**WORK ORDER**
Each record must be written out again exactly. Skip any picture it contains.

SOURCE RECORDS below:

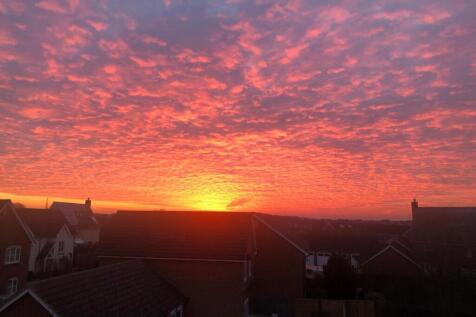 Sun Rise View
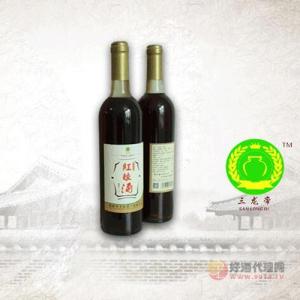 三龙帝红娘酒-750ml葡萄酒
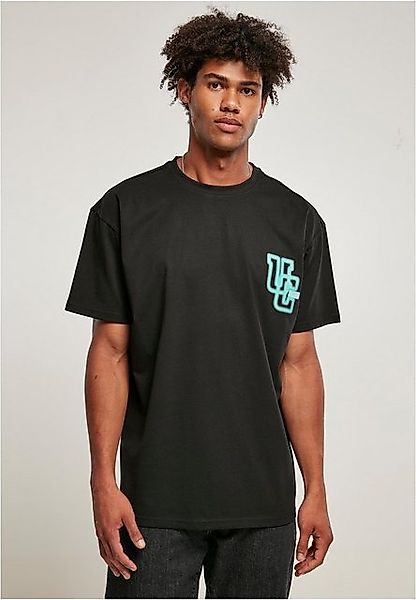 URBAN CLASSICS T-Shirt Urban Classics Herren Glow Logo Tee (1-tlg) günstig online kaufen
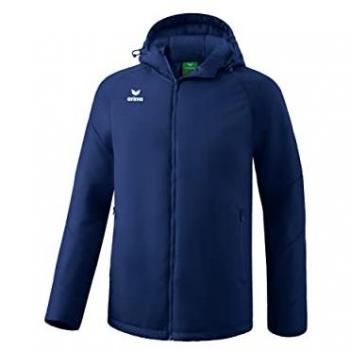 Chaqueta de Invierno Erima Team Unisex Azul M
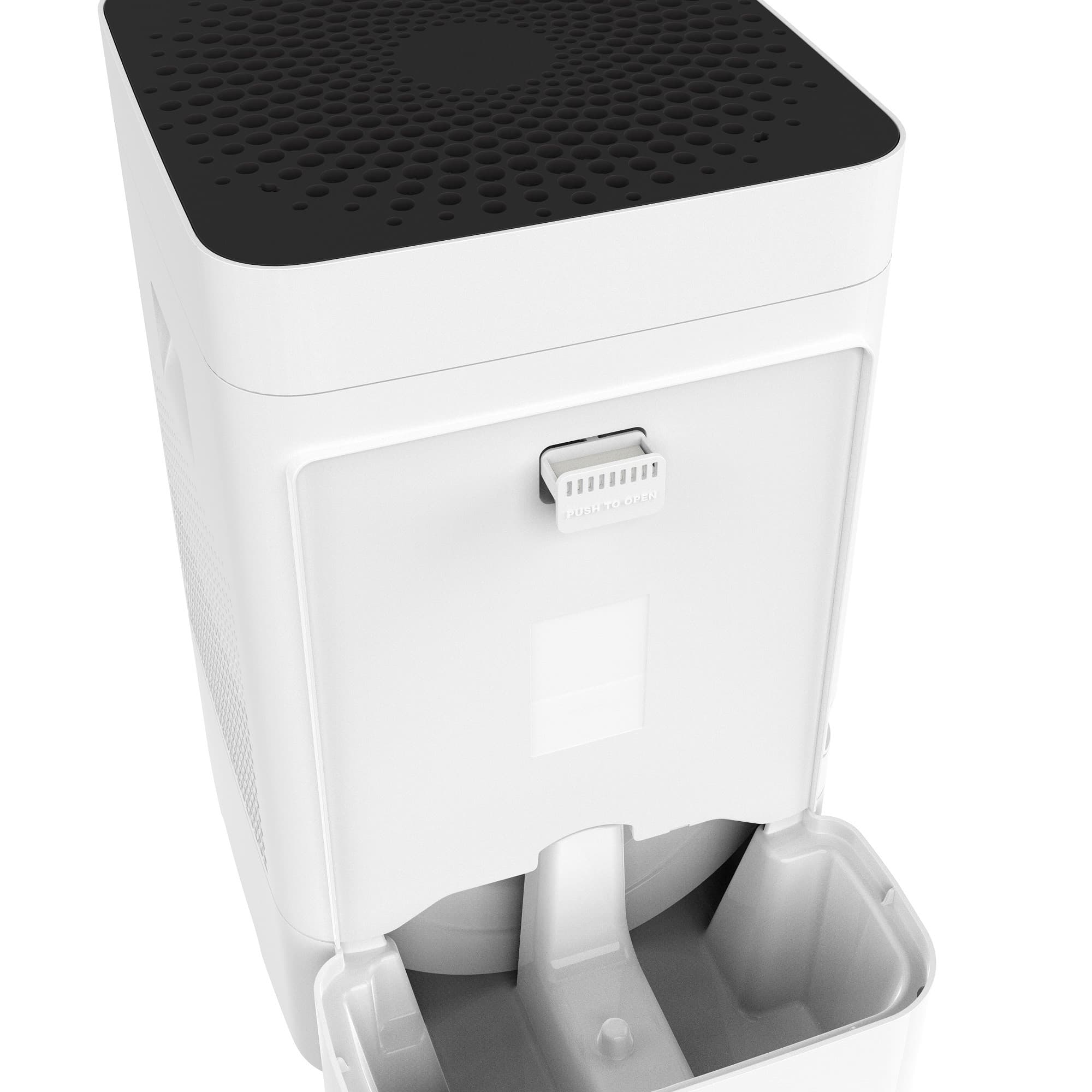 Увлажнитель воздуха Boneco H400 SMART с функцией очистки (климатический комплекс) — фото 4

End of SOURCE RECORDS.

**TASK RESPONSE**
 Sun Rise View
 三龙帝红娘酒-750ml葡萄酒
 URBAN CLASSICS T-Shirt Urban Classics Herren Glow Logo Tee (1-tlg) günstig online kaufen
 Chaqueta de Invierno Erima Team Unisex Azul M
 Увлажнитель воздуха Boneco H400 SMART с функцией очистки (климатический комплекс) — фото 4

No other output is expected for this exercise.